2018-19 Year at a glance

In 2018-19 most governments progressed substantial policy, regulatory and legislative changes that will improve the effectiveness and efficiency of water markets. Low rainfall and allocations, generally lower volumes of water traded, record and near record prices characterised the year for much of Australia. The 2018-19 Australian Water Markets Annual report provides a quantitative and qualitative look at key water markets in Australia, events that shaped the 2018-19 year, future outlook and further market improvements.

Below are some of the events that influenced key water market activities, for detailed information and other events that shaped the markets, read the full report Download here

Volumes traded in 2018-19

In 2018-19, approximately 5,470 gigalitres (GL) of water was traded on the temporary market across Australia (a reduction of 27 percent from 2017-18), with the majority traded in New South Wales (45 percent), Victoria (43 percent) and South Australia (6 percent).  Approximately 1,642 GL of water was traded on the permanent market (an increase of 3 percent from 2017-18), with the majority traded in New South Wales (47 percent), Victoria (19 percent) and South Australia (17 percent).


National weather conditions

Rainfall for the year was generally below average for Australia as a whole.  Below to very much below average rainfall was recorded across most of New South Wales and southern Queensland, as well as adjacent border regions of South Australia and Victoria.
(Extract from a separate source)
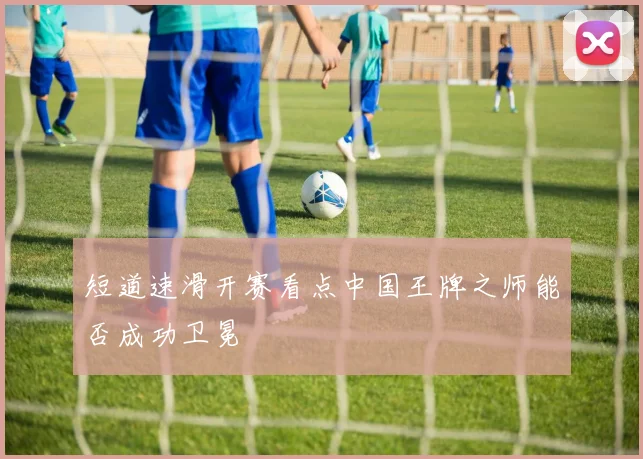 短道速滑开赛看点中国王牌之师能否成功卫冕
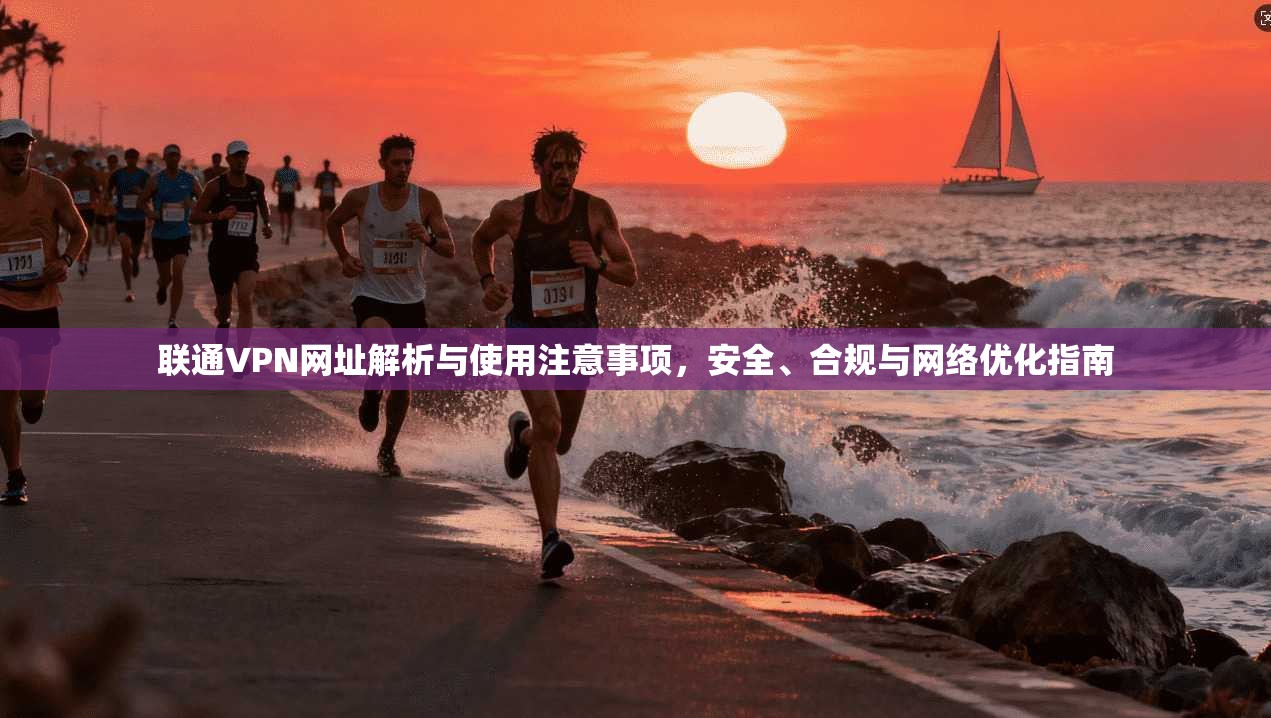 联通VPN网址解析与使用注意事项，安全、合规与网络优化指南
Rainfall was also below average for southern Tasmania, the western half of South Australia, much of eastern and northern Western Australia, and large parts of the Northern Territory. Rainfall for the Basin as a whole was the tenth lowest on record.
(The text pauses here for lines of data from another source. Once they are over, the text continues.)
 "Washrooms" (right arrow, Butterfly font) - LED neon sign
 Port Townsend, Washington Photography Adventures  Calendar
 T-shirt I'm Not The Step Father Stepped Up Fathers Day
Water storage and allocations 

Water storage levels within the Murray-Darling Basin closed at 35 percent, compared to 54 percent at the same time the previous year.  There has been a decline for the Murrumbidgee and Murray Goulburn storages, based on 30 June levels over the past three years. Poor inflows and above average temperatures contributed to these lower storage levels. In the winter of 2015-16, it was the last time active (or useable) storage levels in the Basin were this low.